How can the use of stock options increase CFO?

I get how exercision of these options will produce a tax benefit for the firm, but does taxes payables decrease as well, which would result in CFO decreasing for the company?

Instead of paying Bob his salary (a CFO outflow), you give Bob stock options, with a low strike price.

Bob exercises those options and gets the stock.

You repurchase the stock from Bob, a CF_ F _ outflow.

CFO’s higher, CFF’s lower.

  1. I understand how stock options rather than cash compensation would make CFO higher, but when the options are actually exercised themselves, are they classified as anything on the cash flow statement?

  2. I read that share repurchases to avoid dilution after the options were exercised should be classified as CFO rather than CFF, but I’m not sure if this is correct (it is from the Schweser 2013 book for level 1)

  1. If there’s an exercise price, they have to pay you cash to exercise them; that cash flow is CFF.

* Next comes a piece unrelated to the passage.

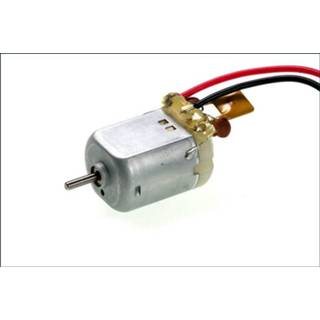 👉 Kyosho Mini-Z electro motor met kabelboom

  2. You’re talking about how it should be classified by an analyst. Companies trying to manipulate cash flow don’t always classify things they way they should be classified by an analyst.

Maybe what I do not get how the tax benefits associated with the stock options. How does that increase CFO?

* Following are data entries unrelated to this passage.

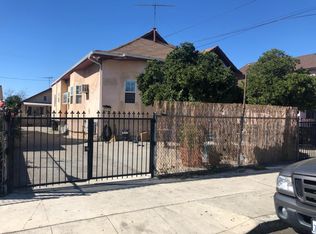 2321 Eastlake Ave, Los Angeles, CA 90031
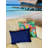 Outdoor Reversible Throw Pillow-1564086859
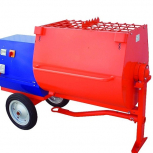 Растворосмеситель Лебедянь РН-200 - stroymarket66.ru - Краснодар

It’s not a matter of tax benefits.

Company A is not paying Bob a salary, so Company A doesn’t have a CFO outflow for Bob’s wages; Company A’s CFO is higher.

Schweser claims that exercising options will result in tax benefits for the company, and thus increase operating cash flow. Moreover, the books cites as the main reason for effect of stock options on CFO.

Maybe I am looking too much into this, but should I worry about this explanation, or just leave it be?

I’d leave it be.

You can spend your time a lot more profitably on things that matter.